Historic Woodland Heights
On October 15, 1907, Woodland Heights, an addition developed by William A. Wilson Realty Company, officially opened to the public with 600 lots for sale. The new addition, situated on high ground north of downtown near White Oak Bayou and Houston Avenue, was a new "streetcar suburb" of Houston, made possible by the establishment of new street car lines and the extension of old lines during the early twentieth century. The land was subdivided into 600 lots, which ranged in price from $300 to $750. In addition to the prime location offered by Woodland Heights, buyers benefited from other amenities.
The William A. Wilson Realty Company piped water to every lot in the addition; added sewers, graded streets and sidewalks; and proved their dedication to green space by planting shrubs, oaks, and sycamores. William A. Wilson was one of the earliest, if not the first, residential developer in Houston to plant live oak trees in rows along Bayland Avenue and other streets in the addition to shape a sense of community space. Entry gate piers were added at Bayland and Houston Avenue to mark the entrance to the addition. Residents enjoyed the proximity of both Highland Park (now Woodland Park), and Beauchamp Springs Public School (now William B. Travis Elementary School).
Woodland Heights saw a building boom of both residential and commercial buildings from 1907 to 1925. Many of the homes were designed in the Queen Anne, craftsman, and English cottage style. The building typologies include bungalows, cottages, and four squares. As was the necessity with residences built in Houston before the introduction of air conditioning, many of the homes included spacious front porches. In addition to the residential construction in Woodland Heights, business centers emerged. Five main business centers were developed along Houston Avenue north of White Oak Bayou, along Beauchamp Avenue to North Main, along White Oak Drive from Houston Avenue to Studewood, along Studewood from Little White Oak Bayou to 11th Street, and along Teetshorn and North Sabine. The Highland Park Hotel, which was located on Houston Avenue, was home to not only a hotel, but also a theatre, saloon, restaurant, and beer garden.
Today, many of the historic Woodland Heights structures still stand. The Wilson Home at 205 Bayland was occupied by William A. Wilson and his family until his death in 1920. Mr. Wilson was the only original Woodland Heights developer to construct a residence in the addition.
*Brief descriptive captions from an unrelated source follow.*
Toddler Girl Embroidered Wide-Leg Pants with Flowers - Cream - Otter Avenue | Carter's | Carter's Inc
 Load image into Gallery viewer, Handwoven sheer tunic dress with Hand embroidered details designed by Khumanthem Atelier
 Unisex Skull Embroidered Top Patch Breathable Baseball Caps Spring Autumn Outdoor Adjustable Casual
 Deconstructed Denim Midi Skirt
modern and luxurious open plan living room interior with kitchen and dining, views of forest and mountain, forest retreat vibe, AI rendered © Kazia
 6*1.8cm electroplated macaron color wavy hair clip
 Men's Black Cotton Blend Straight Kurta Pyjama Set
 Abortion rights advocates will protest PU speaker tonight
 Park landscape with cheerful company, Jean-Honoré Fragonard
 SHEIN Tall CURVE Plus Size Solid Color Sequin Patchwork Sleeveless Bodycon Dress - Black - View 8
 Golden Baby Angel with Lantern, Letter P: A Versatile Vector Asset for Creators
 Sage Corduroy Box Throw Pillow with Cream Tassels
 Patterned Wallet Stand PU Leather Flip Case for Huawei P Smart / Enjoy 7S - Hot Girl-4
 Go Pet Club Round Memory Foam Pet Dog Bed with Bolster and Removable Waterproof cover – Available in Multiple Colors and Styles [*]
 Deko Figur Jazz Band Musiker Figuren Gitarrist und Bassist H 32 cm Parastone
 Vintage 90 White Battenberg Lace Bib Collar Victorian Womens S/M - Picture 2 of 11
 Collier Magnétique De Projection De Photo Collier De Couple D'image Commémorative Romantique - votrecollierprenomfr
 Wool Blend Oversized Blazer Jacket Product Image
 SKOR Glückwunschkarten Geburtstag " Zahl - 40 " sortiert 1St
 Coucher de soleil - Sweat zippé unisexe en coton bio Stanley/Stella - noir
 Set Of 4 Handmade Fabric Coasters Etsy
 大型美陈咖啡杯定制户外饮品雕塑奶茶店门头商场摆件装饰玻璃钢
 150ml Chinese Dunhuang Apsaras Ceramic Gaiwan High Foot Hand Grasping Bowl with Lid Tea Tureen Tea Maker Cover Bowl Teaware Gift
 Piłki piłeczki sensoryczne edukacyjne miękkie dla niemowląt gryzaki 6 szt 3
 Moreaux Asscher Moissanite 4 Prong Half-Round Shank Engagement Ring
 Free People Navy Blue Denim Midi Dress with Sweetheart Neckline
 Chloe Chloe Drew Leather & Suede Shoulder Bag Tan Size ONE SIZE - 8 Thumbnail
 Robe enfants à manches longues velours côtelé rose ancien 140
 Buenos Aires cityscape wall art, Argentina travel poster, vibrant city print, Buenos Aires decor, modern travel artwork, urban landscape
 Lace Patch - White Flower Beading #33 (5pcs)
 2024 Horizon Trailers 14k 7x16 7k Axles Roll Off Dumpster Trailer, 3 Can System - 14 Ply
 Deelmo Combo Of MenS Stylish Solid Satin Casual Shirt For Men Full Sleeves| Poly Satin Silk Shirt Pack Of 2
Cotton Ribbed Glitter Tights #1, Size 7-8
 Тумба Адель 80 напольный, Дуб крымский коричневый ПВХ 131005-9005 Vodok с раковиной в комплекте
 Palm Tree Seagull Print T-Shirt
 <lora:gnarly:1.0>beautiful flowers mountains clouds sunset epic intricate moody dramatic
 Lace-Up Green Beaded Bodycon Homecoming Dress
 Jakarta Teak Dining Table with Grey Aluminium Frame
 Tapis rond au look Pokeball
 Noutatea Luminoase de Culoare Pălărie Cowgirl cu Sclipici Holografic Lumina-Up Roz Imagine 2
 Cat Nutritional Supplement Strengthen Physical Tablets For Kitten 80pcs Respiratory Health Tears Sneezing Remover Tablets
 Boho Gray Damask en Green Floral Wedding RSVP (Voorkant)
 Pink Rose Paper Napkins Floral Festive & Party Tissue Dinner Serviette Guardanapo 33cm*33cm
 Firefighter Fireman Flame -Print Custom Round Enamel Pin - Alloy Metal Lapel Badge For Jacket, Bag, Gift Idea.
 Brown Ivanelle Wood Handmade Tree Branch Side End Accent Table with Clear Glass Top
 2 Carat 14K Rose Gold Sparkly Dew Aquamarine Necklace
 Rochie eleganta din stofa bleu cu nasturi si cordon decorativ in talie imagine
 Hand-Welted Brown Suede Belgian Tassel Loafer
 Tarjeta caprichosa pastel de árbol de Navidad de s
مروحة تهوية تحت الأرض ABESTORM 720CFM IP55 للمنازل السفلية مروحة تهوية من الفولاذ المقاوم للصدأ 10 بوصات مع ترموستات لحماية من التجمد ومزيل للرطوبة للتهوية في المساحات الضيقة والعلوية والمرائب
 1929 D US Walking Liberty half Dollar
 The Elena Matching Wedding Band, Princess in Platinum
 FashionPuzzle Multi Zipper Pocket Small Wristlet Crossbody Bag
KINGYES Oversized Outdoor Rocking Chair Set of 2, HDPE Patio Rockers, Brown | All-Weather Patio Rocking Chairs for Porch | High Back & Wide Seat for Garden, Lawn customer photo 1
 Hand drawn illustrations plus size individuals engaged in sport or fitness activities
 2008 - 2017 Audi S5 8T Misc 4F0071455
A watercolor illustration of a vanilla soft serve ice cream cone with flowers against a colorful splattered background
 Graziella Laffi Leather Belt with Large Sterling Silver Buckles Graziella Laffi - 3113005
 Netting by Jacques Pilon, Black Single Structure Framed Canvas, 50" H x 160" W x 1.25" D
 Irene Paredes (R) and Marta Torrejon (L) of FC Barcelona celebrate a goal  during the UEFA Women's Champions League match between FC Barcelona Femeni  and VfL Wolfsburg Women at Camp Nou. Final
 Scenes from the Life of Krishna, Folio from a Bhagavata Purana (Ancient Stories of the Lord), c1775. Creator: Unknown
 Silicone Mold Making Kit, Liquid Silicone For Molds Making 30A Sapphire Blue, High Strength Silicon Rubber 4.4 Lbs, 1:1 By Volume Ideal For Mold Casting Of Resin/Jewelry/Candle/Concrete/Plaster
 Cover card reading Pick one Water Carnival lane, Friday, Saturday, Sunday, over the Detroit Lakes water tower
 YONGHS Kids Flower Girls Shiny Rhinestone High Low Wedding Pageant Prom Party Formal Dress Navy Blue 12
His home was the largest home in the neighborhood and the only one to exemplify prairie style architecture. The home underwent a major restoration in 2007 to return it to its former glory. In addition to the historic homes, St. Mark’s United Methodist Church on Pecore and Zion Lutheran Church on Beauchamp can be seen today. Woodland Heights now includes approximately 2,000 homes in 61 different developments. The original neighborhood boundaries have expanded to include Highland Park, Woodland Heights Annex, Grota Homestead, Norhill, Woodland Terrace, and Willborg.
Notable residents who have called Woodland Heights their home include actress Nan Grey; ballet dancer Li Cunxin, whose life story was told in his autobiography turned feature film Mao’s Last Dancer; American short story writer William Goyen; world renowned artist Dorothy Hood; and the first female elected to Houston City Government, former mayor Kathryn Whitmire.
On June 29, 2011, Houston’s City Council voted to approve the historic designation application prepared by Woodland Heights residents, thereby creating the Woodland Heights Historic District. The district includes roughly 386 homes and contains examples of the neighborhoods' variety of architectural styles.